London in the Sixties (with a few digressions)
CHAPTER XVII.
SOME CURIOUS FISH OF THE SIXTIES.
SIR Henry De Hoghton, a wealthy baronet who was above the horizon in the Sixties, though possessed of a fine estate and a palatial residence, preferred the hand-to-mouth existence of an hotel, and lived at Meurigy’s, now the supper-house yclept the Chatham. Never visible to the naked eye by day, he wandered into the Raleigh about midnight, and casting furtive glances in various directions, would settle down without a word. To punters he was a very oasis in a dry land, for, although the very worst écarté player in Christendom, no stakes were too high for him, and after losing a game or two his proposals were literally appalling.
To ask him to play was the signal for his abrupt departure; to ignore his presence was tantamount to £100 a game within twenty minutes.
Fred Granville, who about this period was considerably out of his depth, had a peculiar experience with him. On one occasion, having lost to the eccentric baronet some £3,000, De Hoghton, who evidently knew that a settlement was precarious, said, “Why don’t you go to ‘Jellybelly’?”
What occurred at the suggested interview it is difficult to arrive at, but within the week it was generally known that De Hoghton financed the Hebrew money-lender, and by such disinterested advice as above was invariably paid, leaving the onus of recovery to the astute Bob Morris.
Another drunken baronet who lived in Eaton Square, and had married an houri of a very inferior type, had for his chief hobby the surrounding himself with pugilists and comic singers.
Living entirely on the ground floor, the drawing-room, which was carpetless, was got up like a cockpit. Here nightly orgies were held, to the annoyance of every one within hearing, and when too much port—with which the cellars were filled—had done its duty, rows were not infrequent between this disreputable couple. On one occasion I can recollect her drunken ladyship—very lightly clad—ordering a powdered six-foot flunkey to put out the lights instantly, and her drunken spouse’s rejoinder, “If you dare to touch a candle, you leave my house this moment.” After which a domestic scrimmage and a stampede ensued, and, seizing hats and coats, the guests hurriedly departed.

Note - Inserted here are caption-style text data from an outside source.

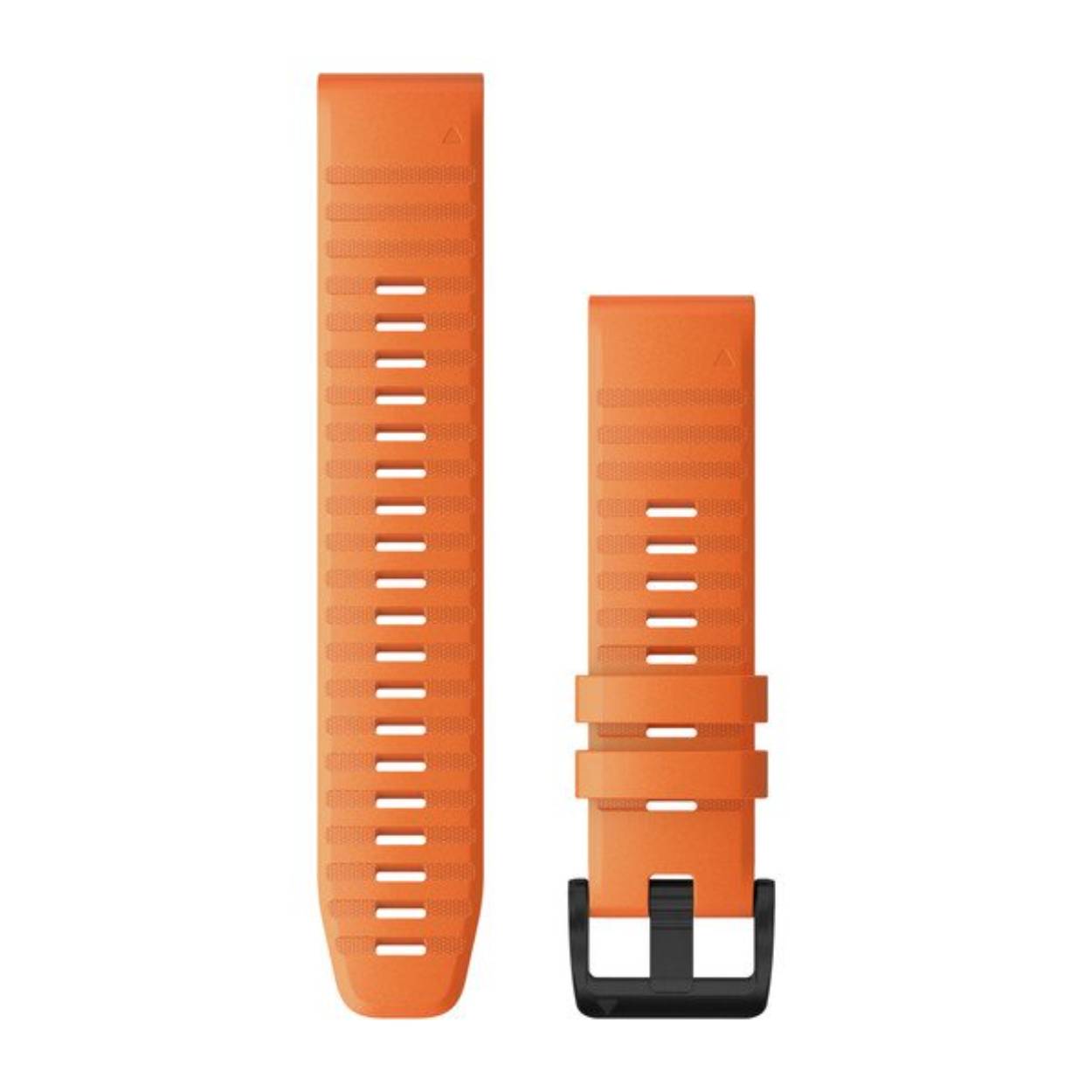 QuickFit&reg; 22mm horlogeband Ember oranje siliconen 010-12863-01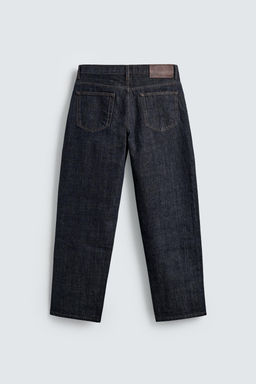 LIMITED EDITION RELAXED STRAIGHT-LEG JEANS - Zara фото 10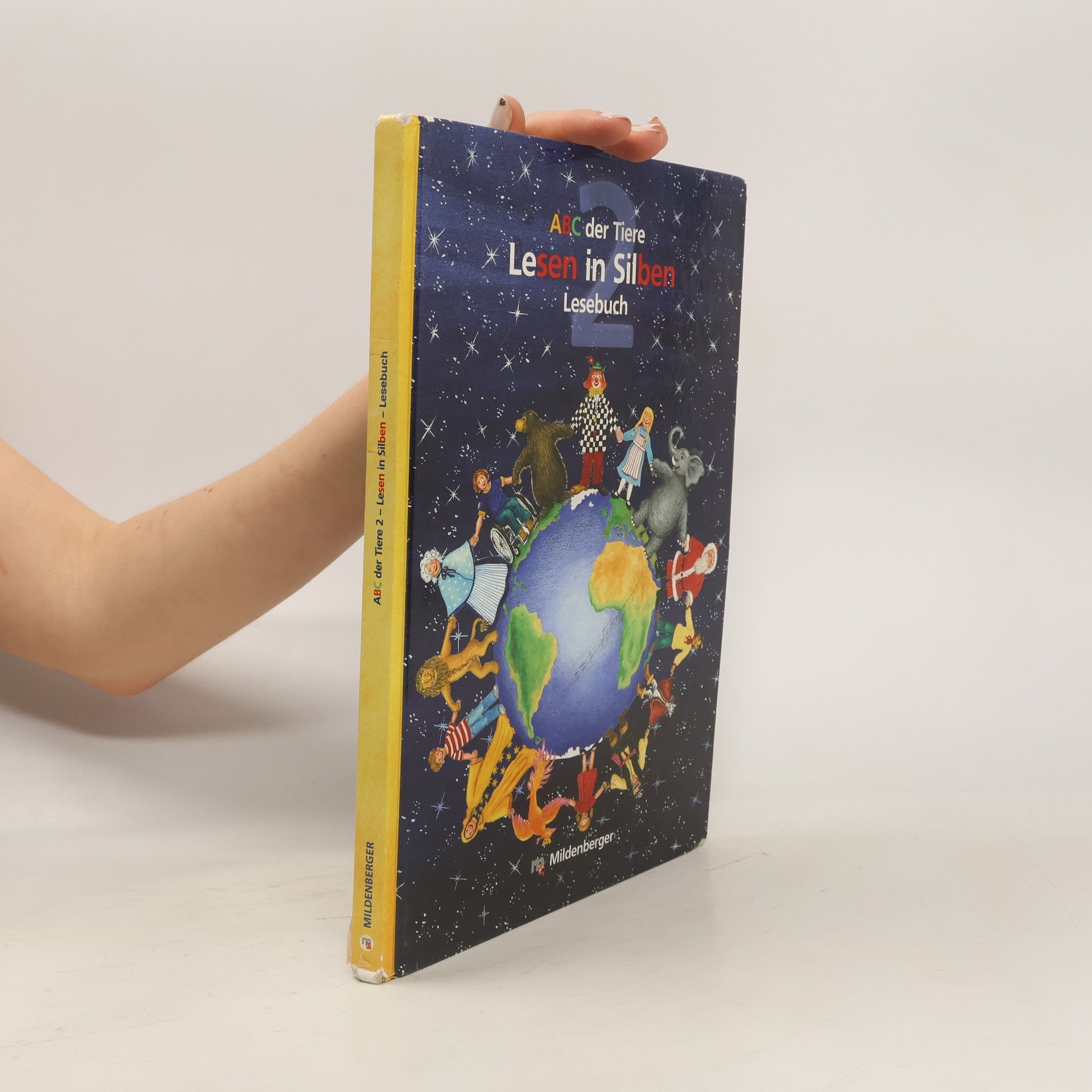 Irene Fink 2. Schuljahr, Lesen in Silben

An eccentric old lady who died about this time left her large fortune to a distant relative on the condition that she was never to be put below earth.
To obviate the slightest risk of losing the legacy, the astute recipient immediately purchased a house in London, and with all the pomp worthy of the occasion, placed the mass of corruption, securely boxed, on the roof, after which it was soldered on to the leads and encased in a glass shade.
The eyesore has long disappeared, but twenty years ago it was an object of interest to strollers in Kensington Gardens.
Ned Deering was a well-known figure in Pall Mall in the long-ago Sixties. The heir to one of the oldest baronetcies in the kingdom, he distorted his handsome features by wearing his hair down to his shoulders in imitation of Charles I. (of blessed memory), whom he imagined he resembled.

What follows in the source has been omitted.